• **Source material**
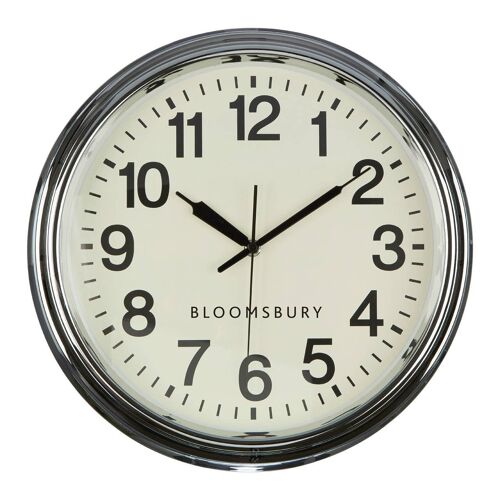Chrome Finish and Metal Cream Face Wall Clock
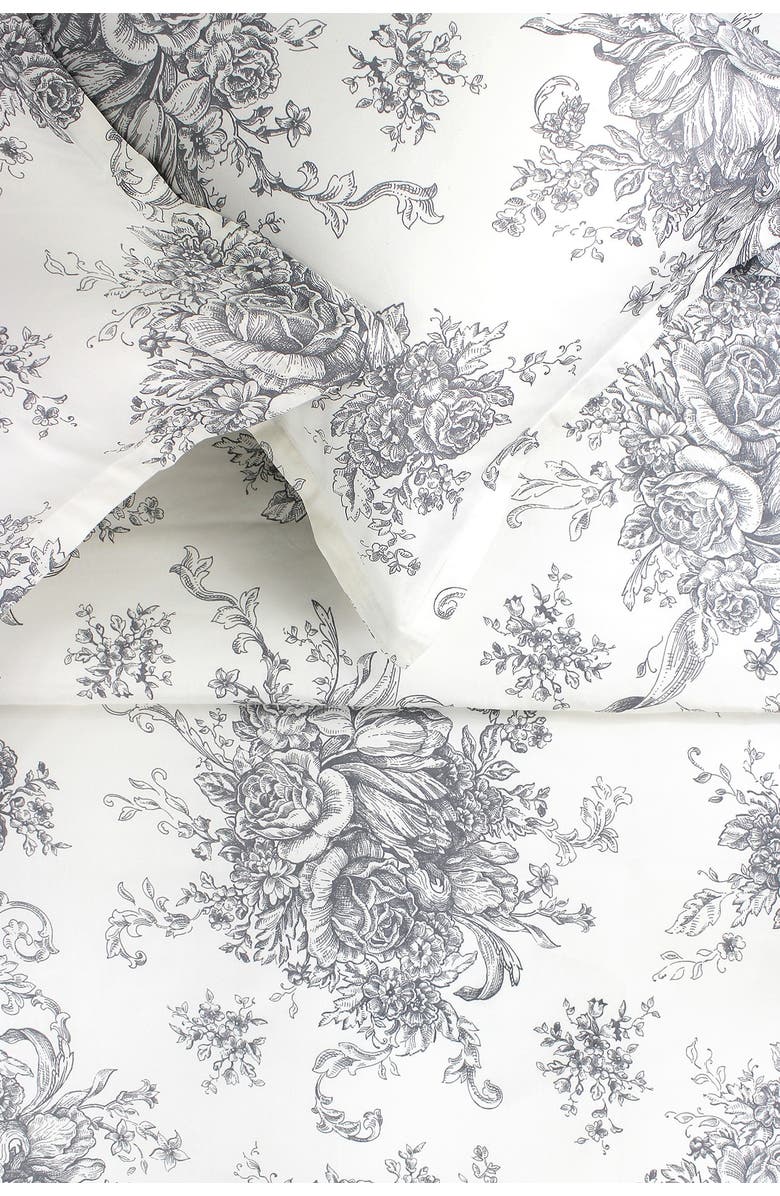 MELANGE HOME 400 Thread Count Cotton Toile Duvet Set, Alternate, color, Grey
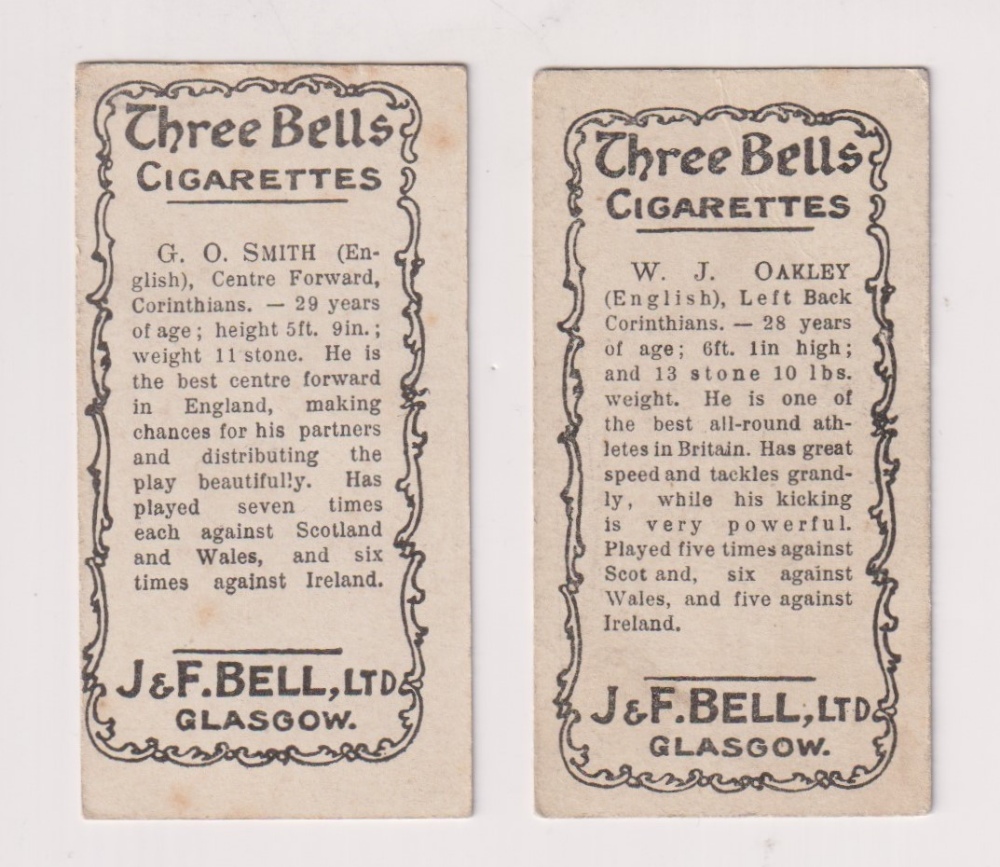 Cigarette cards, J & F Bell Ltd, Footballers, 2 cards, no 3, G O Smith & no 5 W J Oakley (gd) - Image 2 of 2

• **Problem statement**
Repeat all of the material above exactly, leaving out pictures.

• **Task solution**
Chrome Finish and Metal Cream Face Wall Clock
 MELANGE HOME 400 Thread Count Cotton Toile Duvet Set, Alternate, color, Grey
 Cigarette cards, J & F Bell Ltd, Footballers, 2 cards, no 3, G O Smith & no 5 W J Oakley (gd) - Image 2 of 2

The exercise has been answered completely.